『文藝百物語』
東雅夫(編)/2001年/306ページ
黄昏時。根津の路地裏に佇む古びた旅館。迷路のような廊下を辿り、ある一室に赴く八つの人影。結界が張りめぐらされ、蝋燭が灯されたその部屋で、彼らは深まる夜のなか、次々と怪異体験を語り始める。百話を完結させるとよからぬことが…と言伝えられる百物語怪談会。鬼気迫る一夜を本書で史実に再現。読む者もおそらくその禍禍しい掟から無縁ではいられない。稀代のホラー作家八人による驚愕の怪談実話集。
(「BOOK」データベースより)
ホラー作家8名により行われたガチ百物語の実録集。参加者は井上雅彦、加門七海、菊地秀行、篠田節子、霧島ケイ、竹内義和、田中文雄、森真沙子という豪華メンバーである。収録されているのは99話だが、怪談会は大いに盛り上がったあげく10時間を超え、実際は130話近くが語られたとのこと。「100話目を語ると幽霊が出る」と言われているのに、そんなにオーバーして大丈夫なのか(笑)。
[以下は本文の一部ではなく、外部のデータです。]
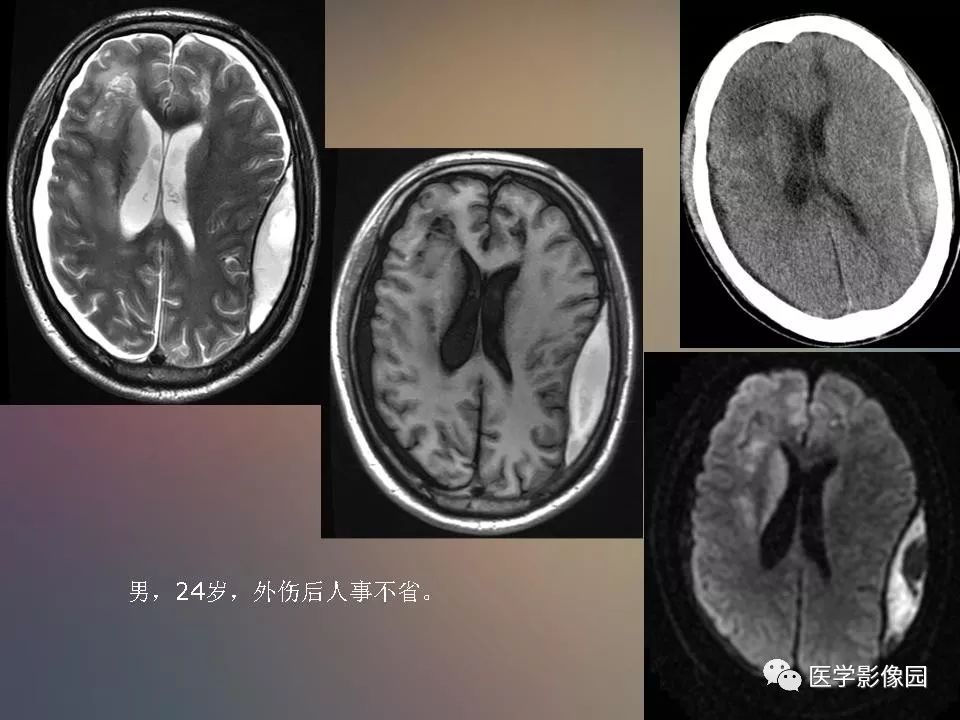 影像PPT - 【PPT】急性颅脑损伤的CT和MRI诊断-21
後に行われた同様の企画『女たちの怪談百物語』と異なり、今回は話者によってかなり披露した話の数に差があるのだが、加門七海が語ったのは99話中34話とぶっちぎりであった。凄すぎる。個人的にMVPだと感じたのは竹内義和で、第三十三話「丑の刻参りの女」はおなじみの都市伝説じみた話ではあるが怖さで言えば本書の中でぶっちぎりである(菊地秀行も今回の最恐話として挙げていた)。現実的なオチはつくが怪談としてよくできている第六話「笑い声がついてくる」、おなじみ「山の牧場」のオリジンというか派生話である第二十五話「鬼伝説の山で」など好みな話が多かった。短いがゆえのキレの良さでは菊地秀行の第六十話「のっぺらぼう」、森真沙子の第八十話「釣りの怪談」にもぞっとさせられた。田中文雄は披露した話こそ少ないものの、第二十六話「猫を焼く」はその語り口の良さと後味の悪さが印象深い。
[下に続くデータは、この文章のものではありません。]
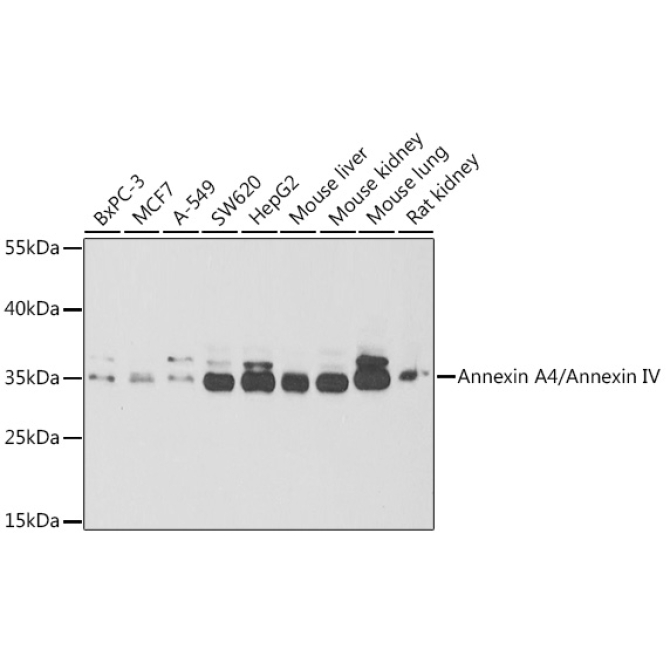 Annexin A4/Annexin IV Rabbit Polyclonal Antibody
99話目のあとには「百話目に変えて」と題し、参加者たちの本百物語会についてのエッセイが収められている。会場で起きていた奇妙な出来事や菊地秀行の奇行(?)なども知ることができ、これがまた楽しい。ちょっとした怪異はあったものの100話を越えても霊は出なかったし、参加者も霊障などはなかったとのことでめでたしである。巻末には今回欠席だった竹河聖の特別寄稿、立会人にて編者の東雅夫による付記も収録されている。